Later, reflecting on the homecoming service, on the seven-and-a-half decades of previous homecoming services that he’s attended, Jerry sighs. It’s a sigh of satisfaction that the church in which he grew up, surrounded by so much history and so much love among so many different kinds of people, is still going. It’s also a bittersweet sigh of longing for a time at Strieby when every Sunday was a homecoming.

To learn more about Strieby, visit facebook.com/striebyheritagesite.


Bells of Freedom

A Maryland author has solved the mystery of her family’s connection to a rural church in Randolph County.

Margo Lee Williams began actively researching her family tree back in the 1970s, inspired by the genealogical work of Roots author Alex Haley to keep digging deeper. But somewhere along the way, a connection was lost. Details about her Lassiter ancestors and their church community in rural Randolph County were fuzzy. Growing up in Queens, New York, far away from North Carolina, Margo looked to her mother, Margaret, for some clarity.

Margaret had lived in Greensboro and Asheboro until around age 7, when her family set off for New Jersey. She vaguely remembered her grandmother Louise talking about a place called Strieby, but Margaret had never been there herself. “To my mother,” Margo says, “Strieby was just a word that had been floating around, untethered to any reality.”

Margaret, Margo Lee Williams’ mother, dressed up for a photo with little sister Elverna Elizabeth Lee (Means), circa 1920. Photography courtesy of MARGO LEE WILLIAMS

As it turns out, a rift in the Lassiter family had separated the descendants of two siblings. When Margaret’s great-great-grandmother died around 1890, her share of the family’s land in the Lassiter’s Mill area went to her children. Louise’s mother, Ellen, had taken it upon herself to purchase her brother’s share of the property. That didn’t sit well with her brother’s family, and a decades-long feud ensued. “People stopped speaking to each other,” Margo says. Ellen ended up moving to Asheboro and later sold her share of the land to one of her cousins. Margaret’s family eventually made the great migration up North. “And from then on,” Margo says, “my family had nothing to do with the people down here in Strieby.”

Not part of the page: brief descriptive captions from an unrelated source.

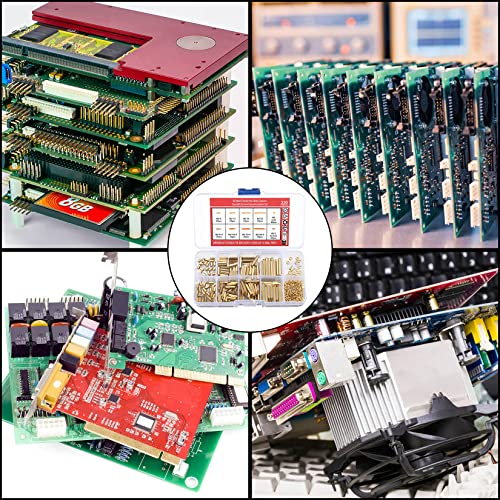 330 Stk M2 Messing Männlich Weiblich Hex Schrauben Nuss Sortiment Kit, PCB Board/Platinen Sechskant Gewindemutter Abstandsbolzen Abstandshalter Spacers Standoffs
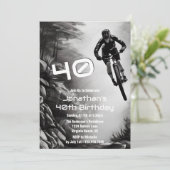 キャッチングエア – Mountain Bike Sketch 40th Birthday 招待状 (スタンド正面)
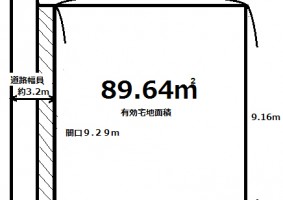 区割り図-赤羽3丁目売地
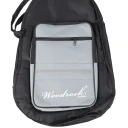 Woodrock Instrument Woodrock Gigbag For El-Gitar 20mm Padding (Sort/grå)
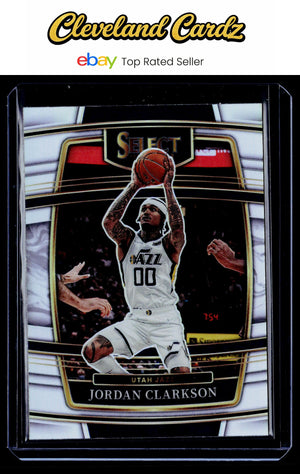 2021-22 Panini Select #38 Jordan Clarkson Silver Prizms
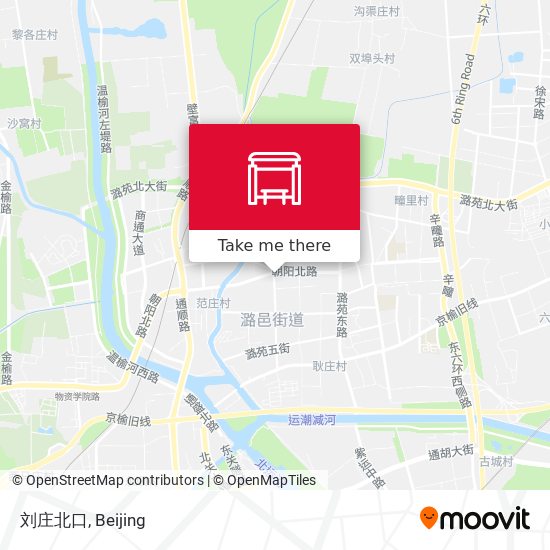 刘庄北口 map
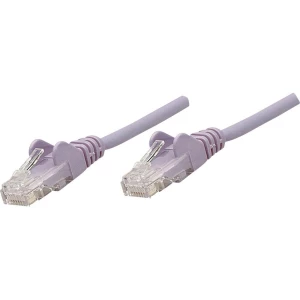 RJ45 mrežni priključni kabel CAT 5e F/UTP [1x RJ45-utikač - 1x RJ45-utikač] 10 m lila, Intellinet slika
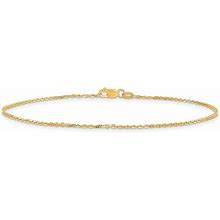 Jared The Galleria Of Jewelry Open Link Cable Anklet 14K Yellow Gold 10"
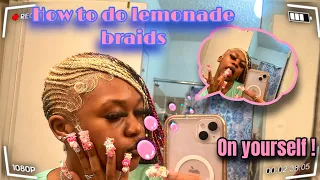 How To Do Lemonade Braids On Yourself At Home Tutorial | Beginner Friendly, Product Included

That all changed in 1982, when Margo and her mom took the road trip down South that would forever change their lives, introducing them to an extended family in this small community that had made a big impact on the lives of generations of people in North Carolina and beyond. With the family feud decades in the rearview mirror, the Williamses were embraced by their newfound Lassiter relatives. They stayed in their homes, marveled over their physical resemblances, and learned about each other’s kids and grandkids. In 2011, Margo published the family’s story in her first book, Miles Lassiter (circa 1777-1850): An Early African-American Quaker from Lassiter Mill, Randolph County, North Carolina: My Research Journey to Home.

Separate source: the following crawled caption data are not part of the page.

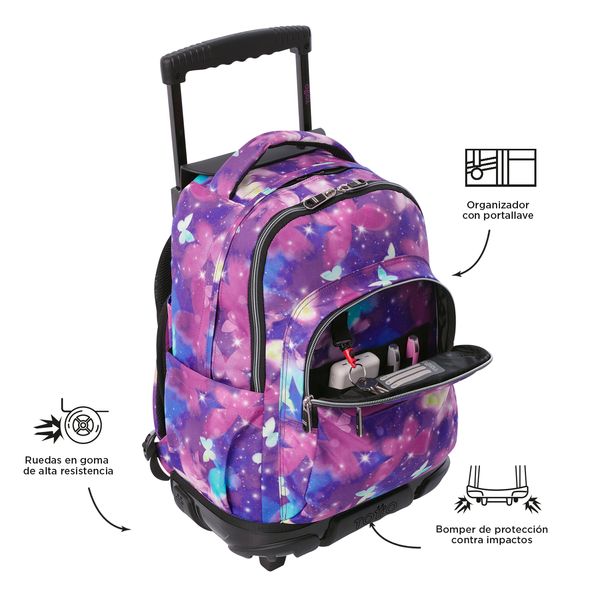 Mochila Grande con Ruedas Porta Laptop 15.4 | 25 L RENGLON GLITTER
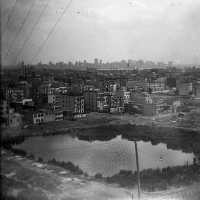          B+W photo negative of SW Hoboken & Jersey City from Riverview Park, Jersey City, n.d., ca. 1906. picture number 7
   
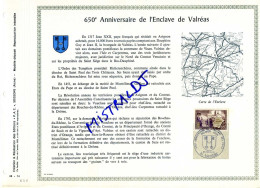 Rare Feuillet PAC (précurseur De CEF) De 1968 - 650è ANNIVERSAIRE DE L'ENCLAVE DE VALREAS - 1960-1969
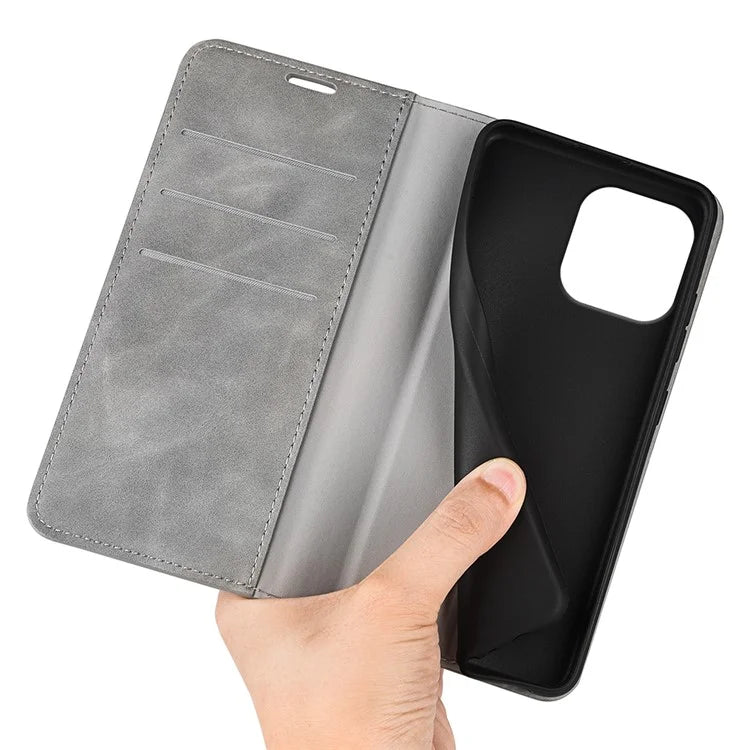For iPhone 16 Pro Case PU Leather Wallet Folio Flip Phone Cover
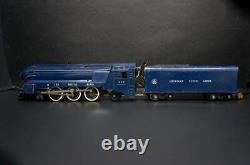 1950'S AMERICAN FLYER 350 ROYAL BLUE TRAIN ENGINE 4-6-2 SET With BOXES TRACK CARS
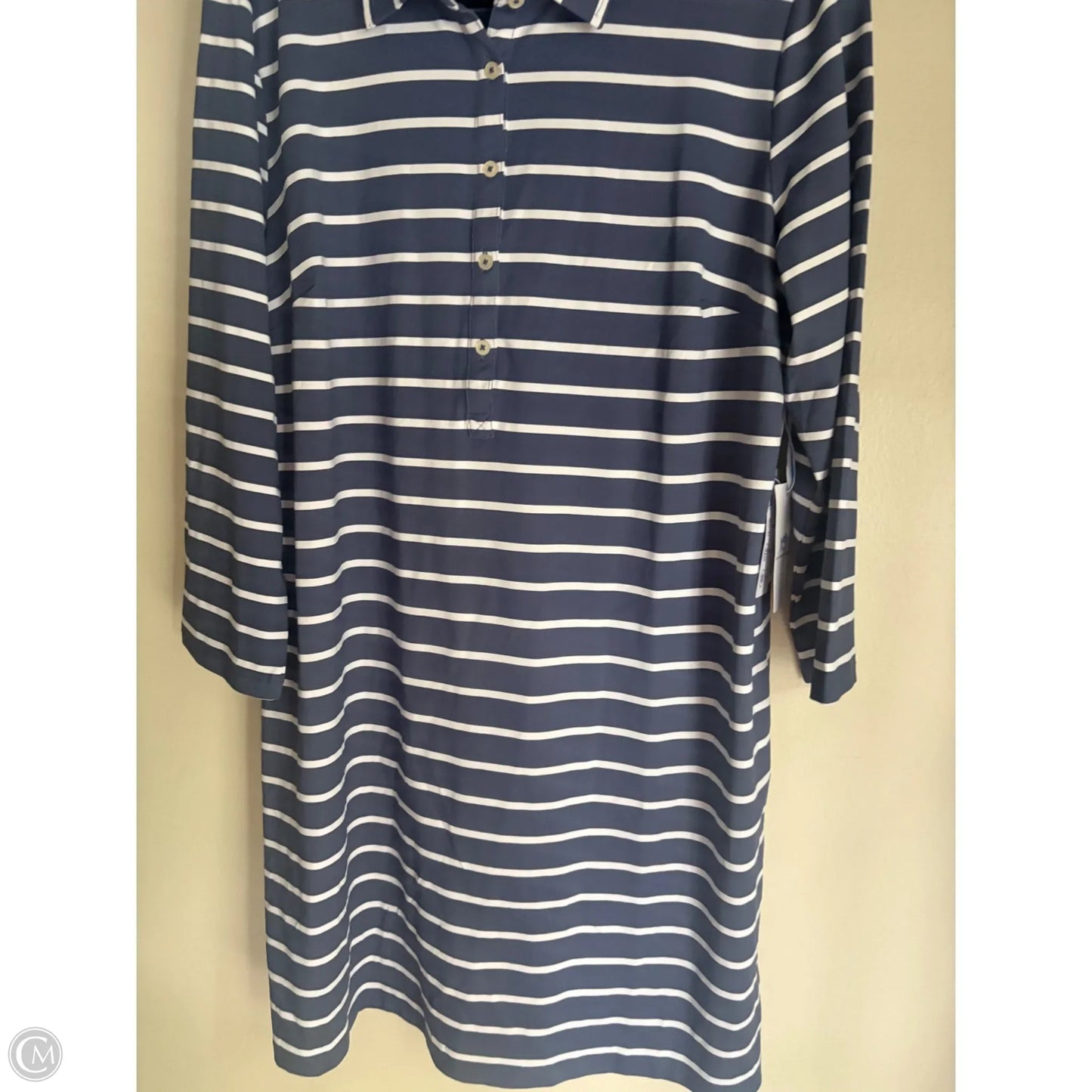 Dress Casual Maxi By Southern Tide In Striped Pattern, Size: Xl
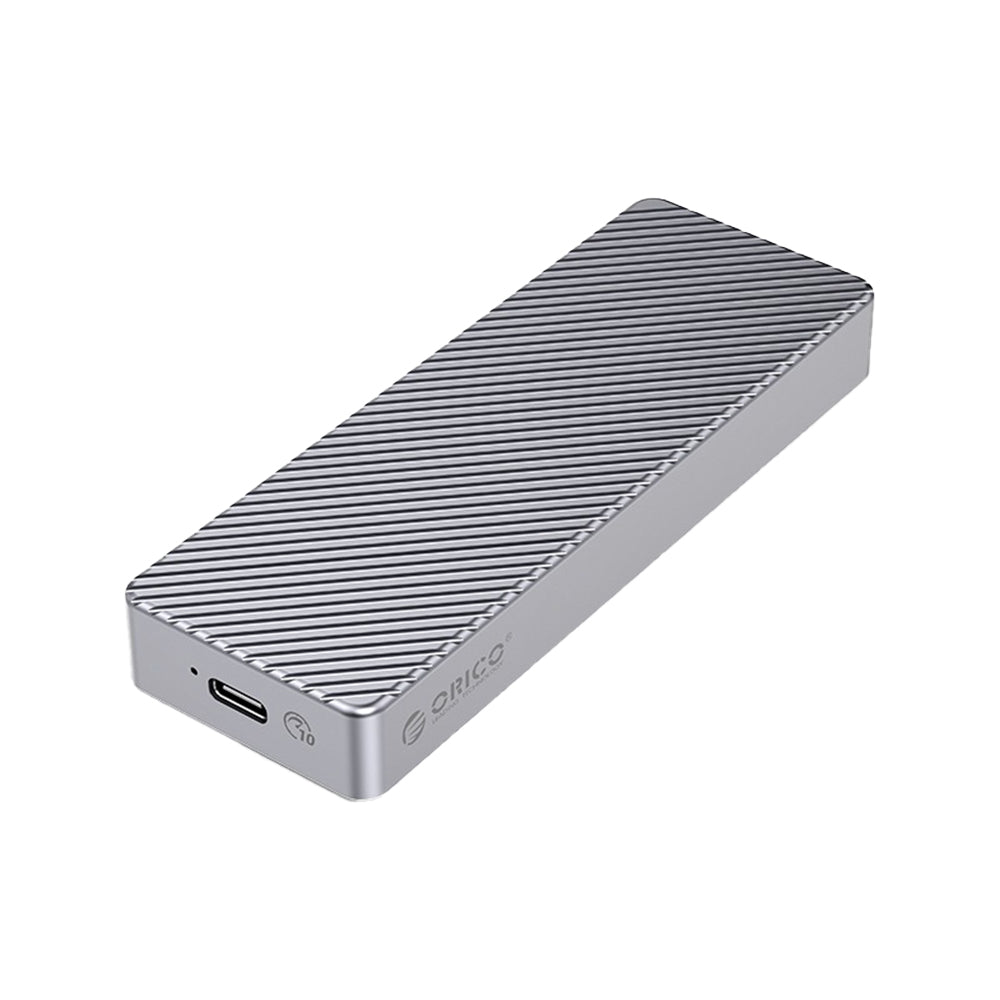 ORICO M.2 SATA / NVME SSD Solid State Drive Enclosure with USB3.2 Gen 2 x2, 20Gbps Transfer Rate, 4TB Max Capacity with PCIe 3.0, TRIM, UASP and SMART Function for Smartphone PC Desktop Laptop | M213C3-G4 | Gray, Rose Gold, Silver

In 2016, Margo, a graduate of Marquette University with an MA in sociology from Hunter College and another MA in religious education from The Catholic University of America, published her eye-opening second book, From Hill Town to Strieby: Education and the American Missionary Association in the Uwharrie “Back Country” of Randolph County, North Carolina. The title’s academic tone belies the underlying heart and soul that pulse through its pages — free, educated people of color living, loving, and working together in a tiny mixed-race community in the pre- and post-Civil War South. Kirkus called it “a breathtakingly thorough exploration of a historically significant town.”

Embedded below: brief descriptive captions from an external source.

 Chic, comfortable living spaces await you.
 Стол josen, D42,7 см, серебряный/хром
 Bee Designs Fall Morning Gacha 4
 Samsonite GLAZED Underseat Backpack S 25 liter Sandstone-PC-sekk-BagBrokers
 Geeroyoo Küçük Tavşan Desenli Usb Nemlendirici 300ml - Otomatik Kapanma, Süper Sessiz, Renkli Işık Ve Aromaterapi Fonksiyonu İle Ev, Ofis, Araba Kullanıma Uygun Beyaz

Margo’s most recent book, Born Missionary: The Islay Walden Story, won her the 2021 Phillis Wheatley Book Award in the nonfiction biography category, presented by the Sons and Daughters of the United States Middle Passage. These days, when she isn’t spending time in North Carolina, Margo gives lectures on genealogical research, Black history, and historical mixed-race communities. But her heart is always in Randolph County, in a little country church down a gravel road in the Uwharries.